**Brief**
Repeat all of the records word for word, but skip any picture.

**Data shown**

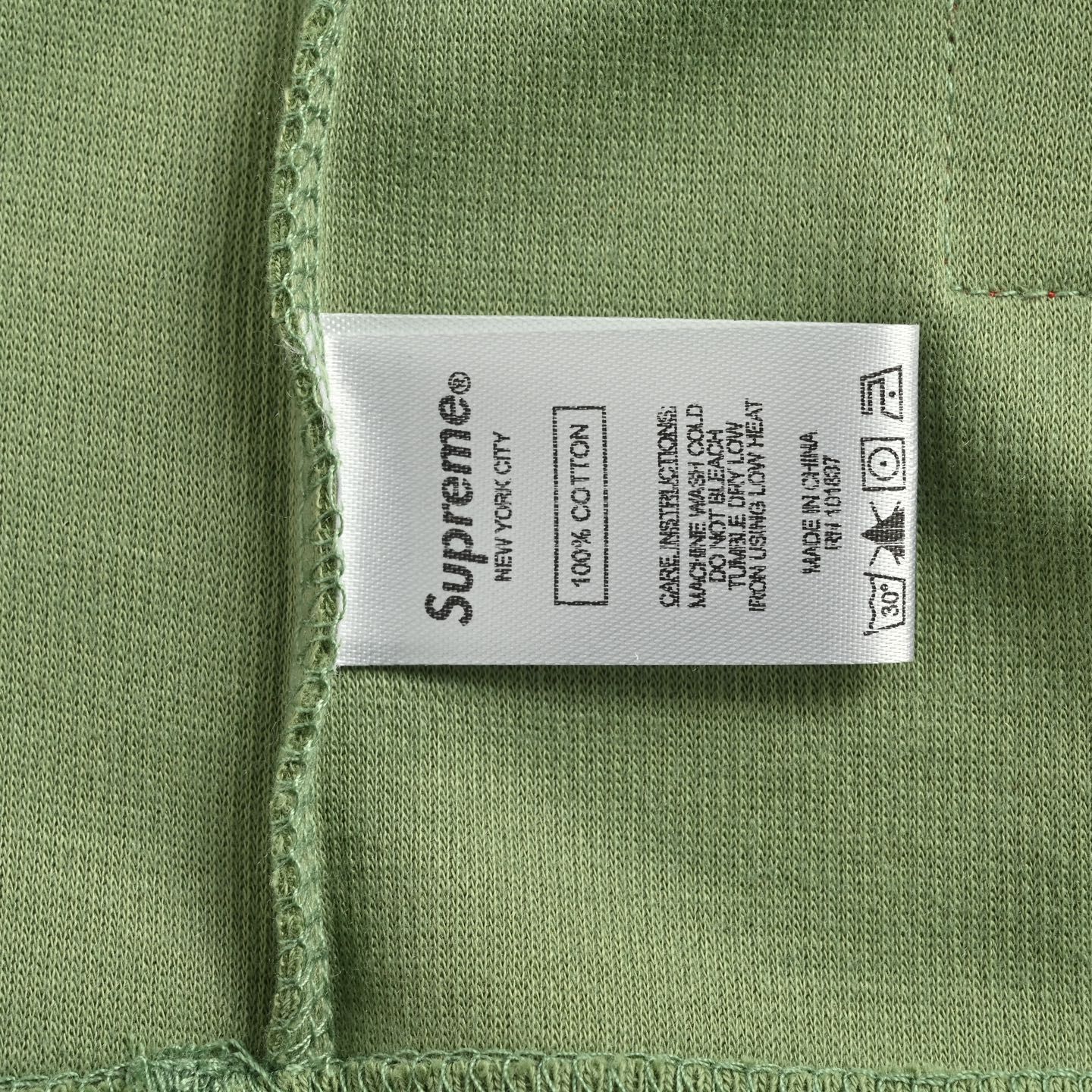 今日特価】Supreme 25ss Split フットボール T シャツ - メルカリ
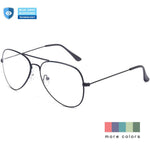 Blue Light Blocking Computer Gaming Glasses - Alfie - Teddith - US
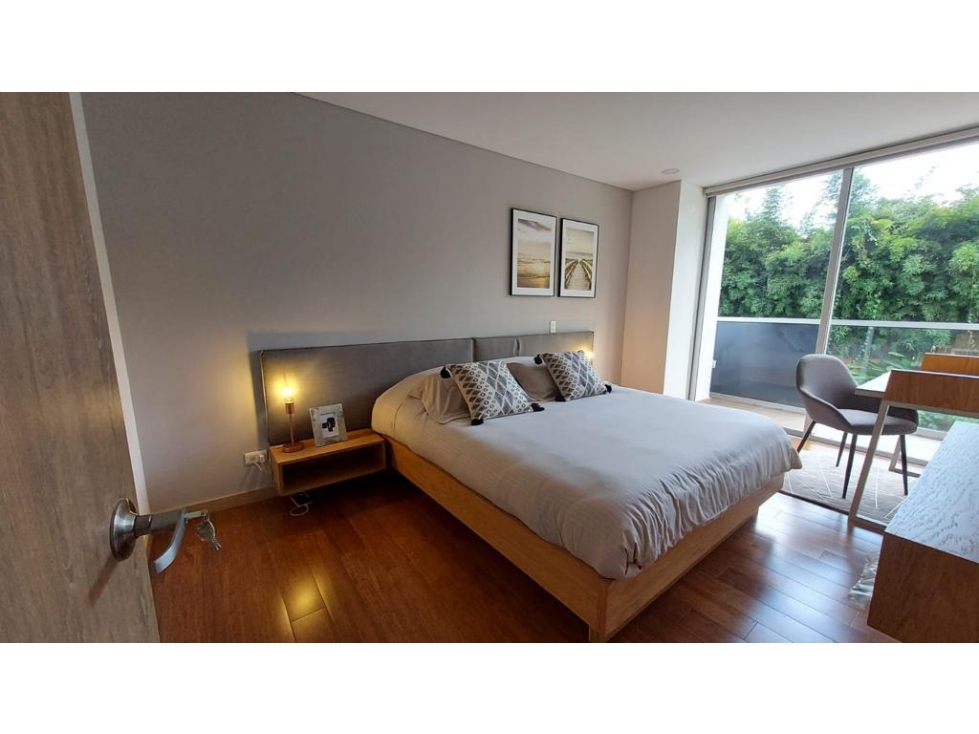 Apartamento Amoblado en Arriendo en El Poblado — foto 6
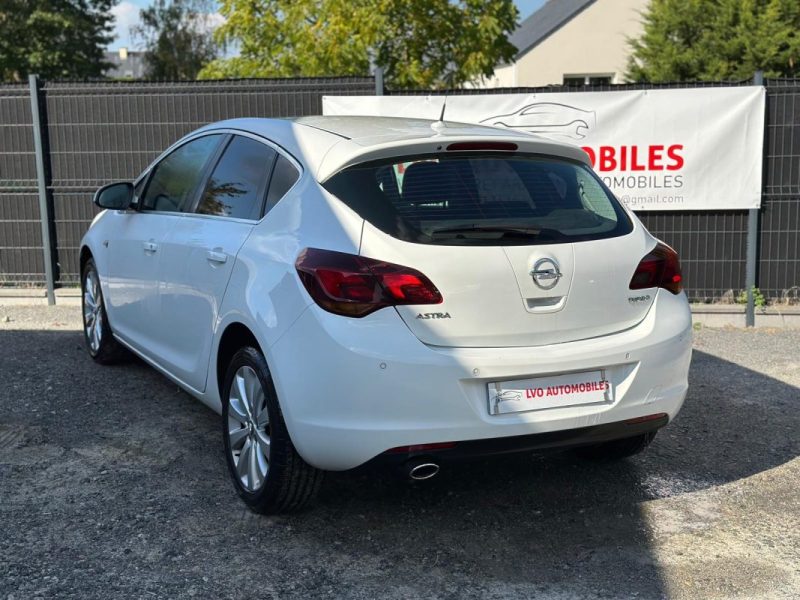 Opel Astra 1.4 Turbo 140 ch Cosmo Garantie 12 mois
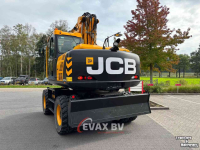 Excavator JCB JS 145 WT SV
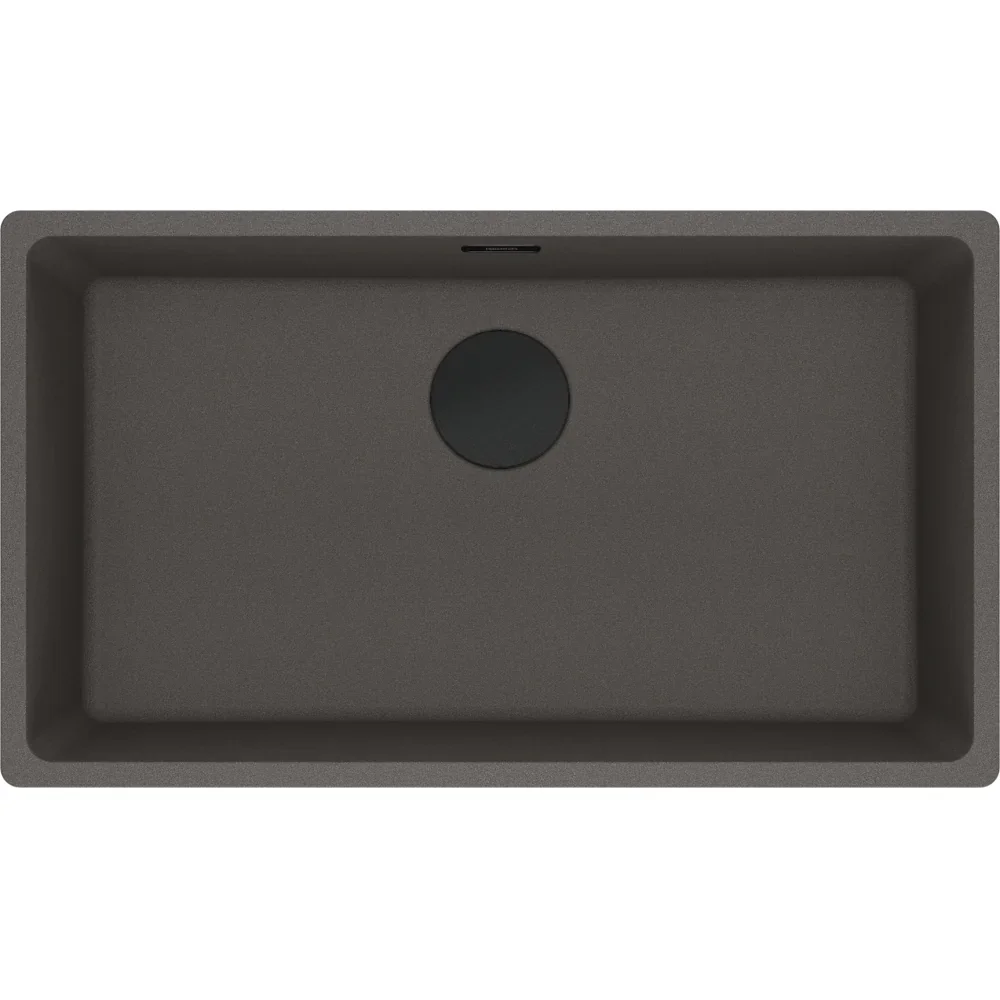 Maris MRG 110-72 Fragranite Slate grå och svart diskho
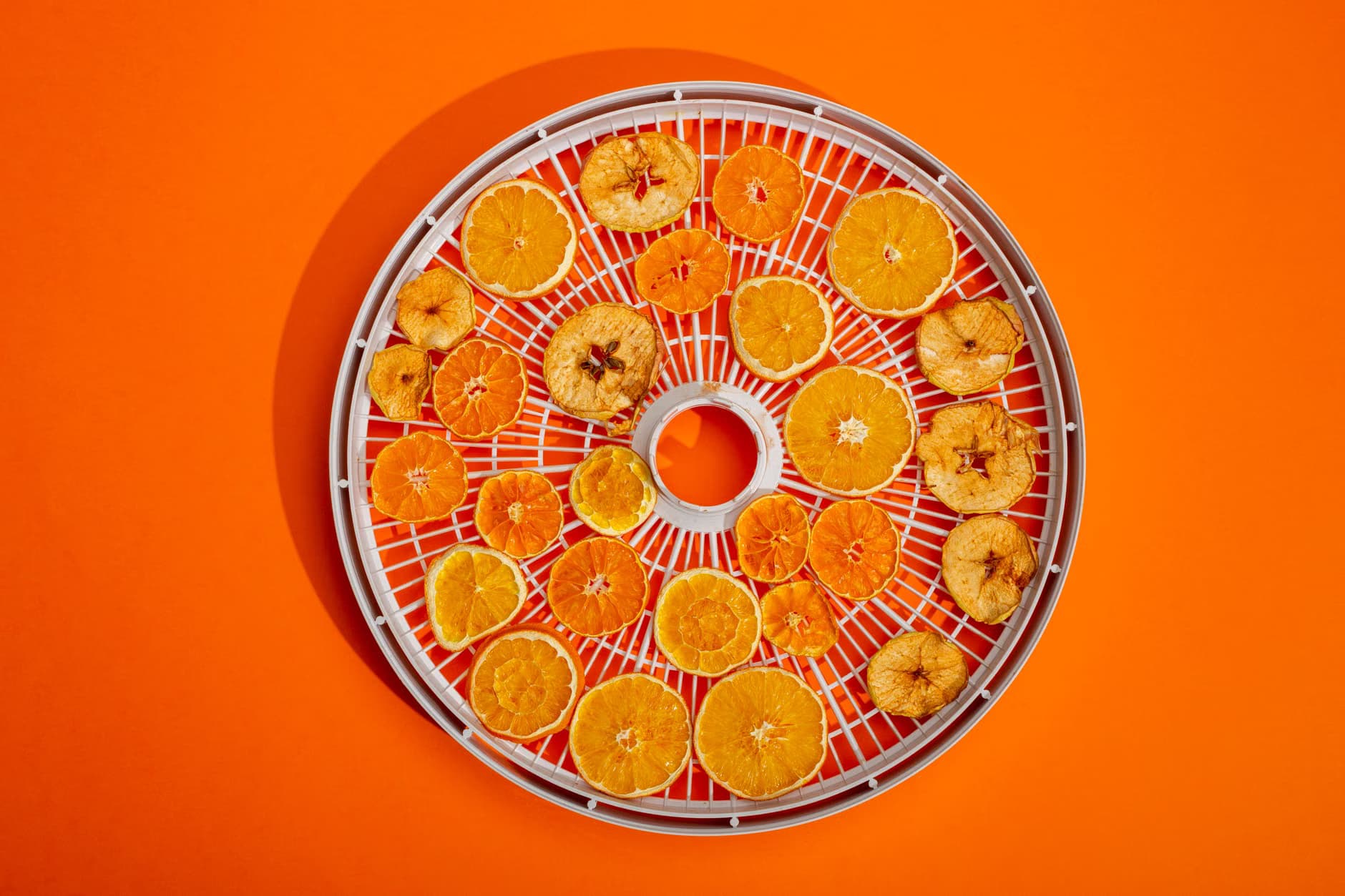 Dehydrated Carrot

**Output of the exercise**
 今日特価】Supreme 25ss Split フットボール T シャツ - メルカリ
 Blue Light Blocking Computer Gaming Glasses - Alfie - Teddith - US
 Apartamento Amoblado en Arriendo en El Poblado — foto 6
 Opel Astra 1.4 Turbo 140 ch Cosmo Garantie 12 mois
 Excavator JCB JS 145 WT SV
 Maris MRG 110-72 Fragranite Slate grå och svart diskho
 Dehydrated Carrot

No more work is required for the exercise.